WHAT YOU HAVE TO DO:
Once the pictures are set aside, reproduce all of the records exactly.

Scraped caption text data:
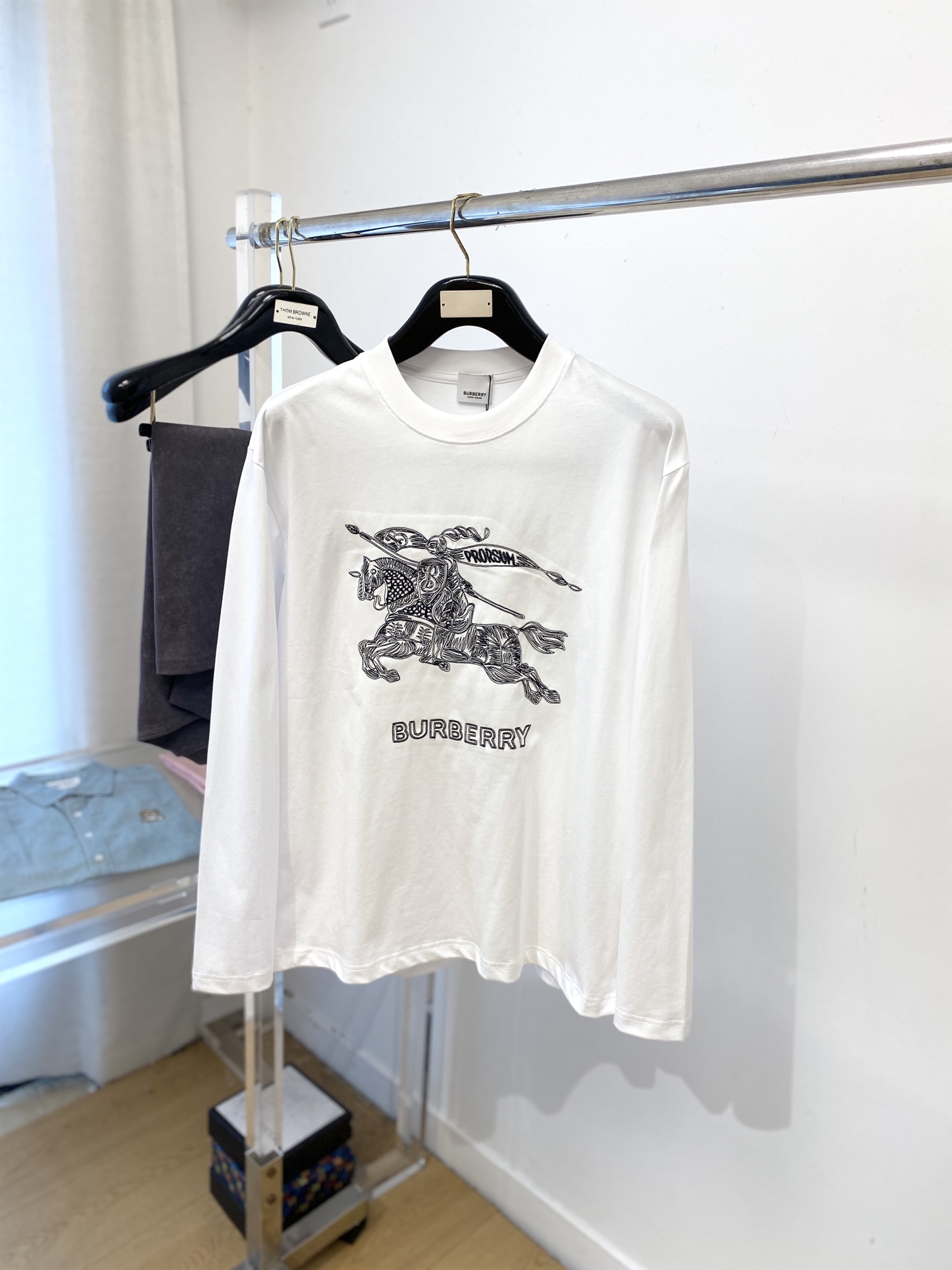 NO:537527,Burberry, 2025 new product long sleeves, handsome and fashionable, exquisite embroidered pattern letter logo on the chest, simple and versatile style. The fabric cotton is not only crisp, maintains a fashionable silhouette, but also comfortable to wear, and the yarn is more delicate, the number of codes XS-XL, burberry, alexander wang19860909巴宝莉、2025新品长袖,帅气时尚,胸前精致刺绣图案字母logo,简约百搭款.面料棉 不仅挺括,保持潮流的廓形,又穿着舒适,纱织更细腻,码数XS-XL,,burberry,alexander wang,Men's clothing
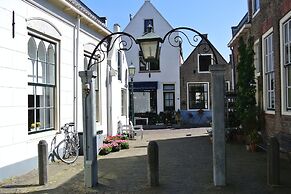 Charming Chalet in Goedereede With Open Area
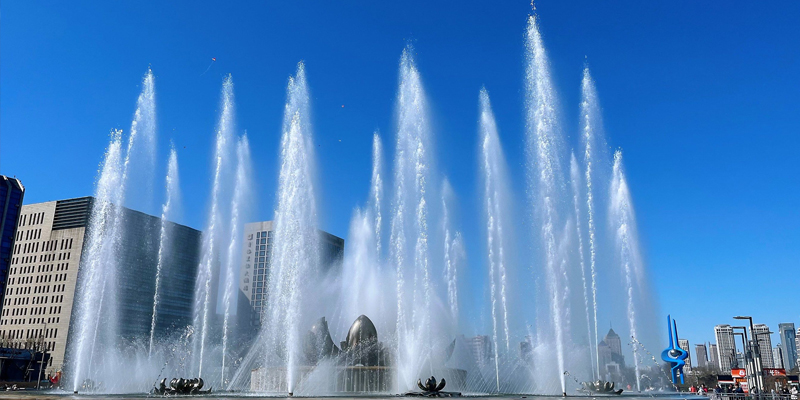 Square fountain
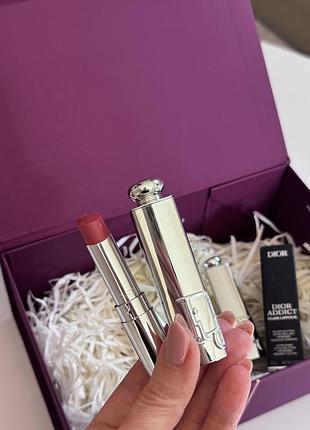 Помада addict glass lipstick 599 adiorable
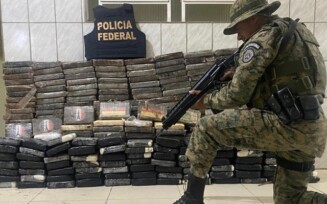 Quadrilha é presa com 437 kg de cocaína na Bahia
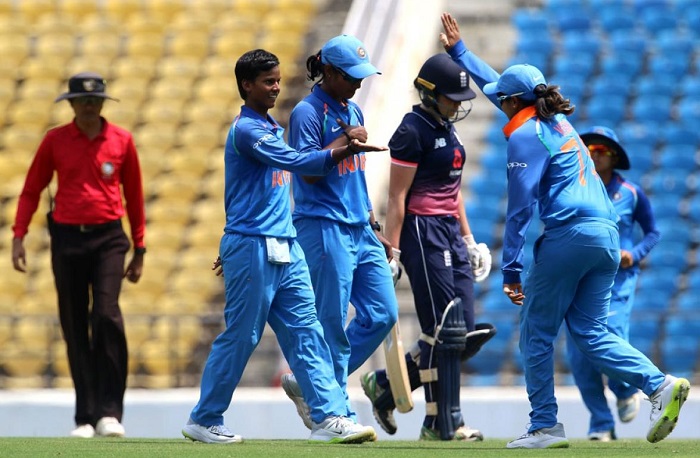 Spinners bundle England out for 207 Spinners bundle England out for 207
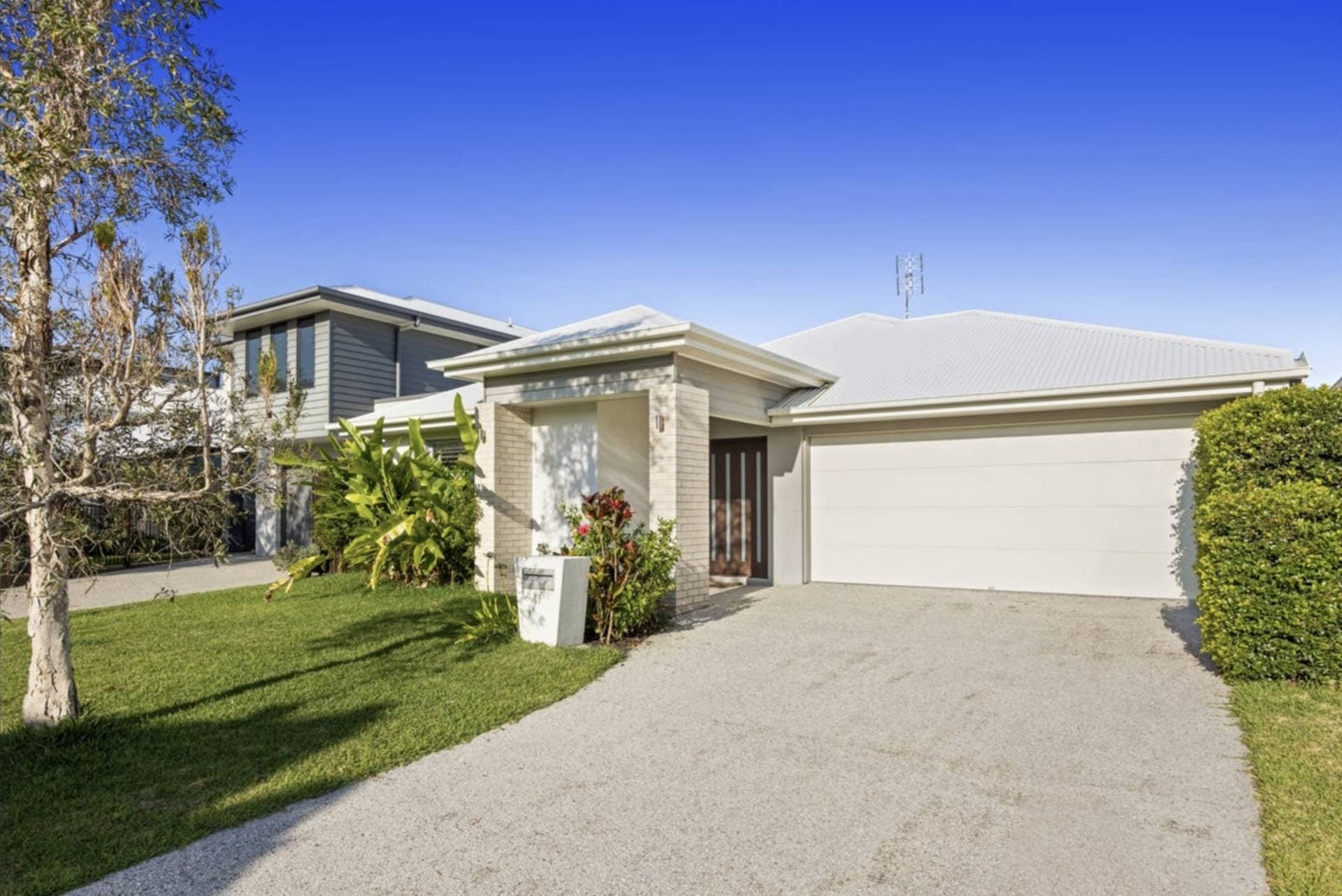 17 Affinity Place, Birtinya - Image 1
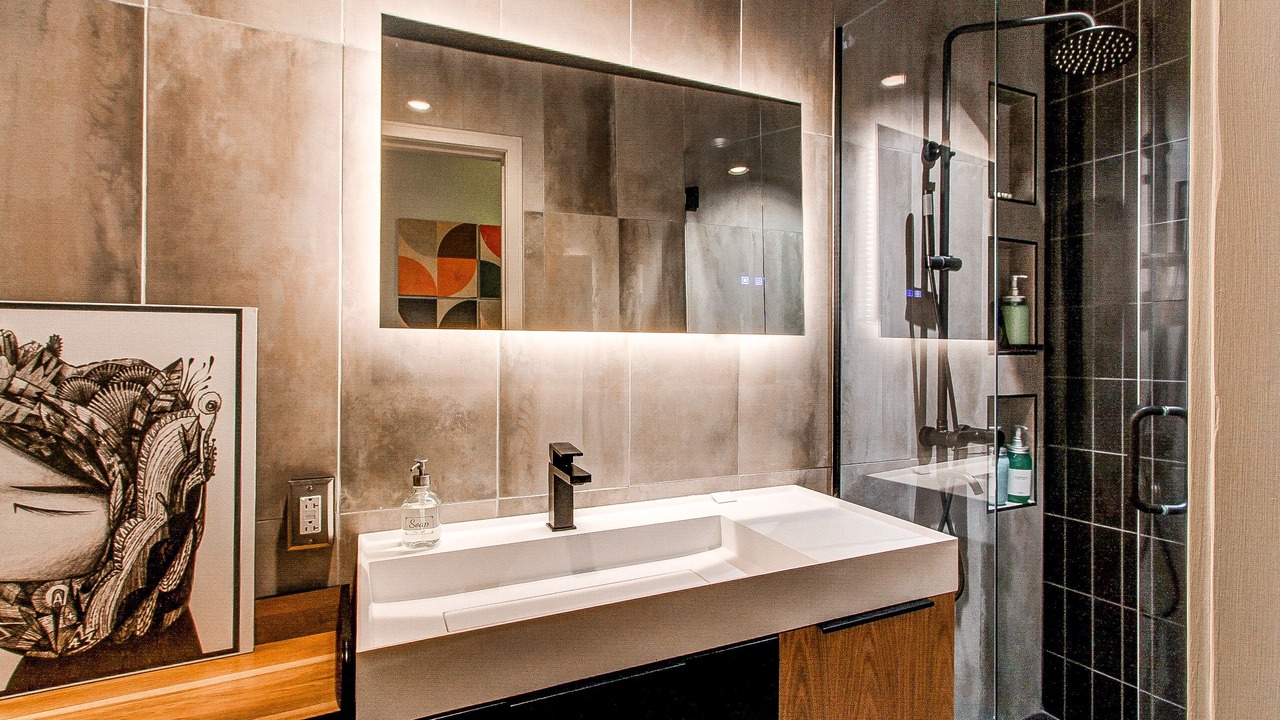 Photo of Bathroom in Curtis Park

TASK SOLUTION:
 NO:537527,Burberry, 2025 new product long sleeves, handsome and fashionable, exquisite embroidered pattern letter logo on the chest, simple and versatile style. The fabric cotton is not only crisp, maintains a fashionable silhouette, but also comfortable to wear, and the yarn is more delicate, the number of codes XS-XL, burberry, alexander wang19860909巴宝莉、2025新品长袖,帅气时尚,胸前精致刺绣图案字母logo,简约百搭款.面料棉 不仅挺括,保持潮流的廓形,又穿着舒适,纱织更细腻,码数XS-XL,,burberry,alexander wang,Men's clothing
 Charming Chalet in Goedereede With Open Area
 Square fountain
 Помада addict glass lipstick 599 adiorable
 Quadrilha é presa com 437 kg de cocaína na Bahia
 Spinners bundle England out for 207 Spinners bundle England out for 207
 17 Affinity Place, Birtinya - Image 1
 Photo of Bathroom in Curtis Park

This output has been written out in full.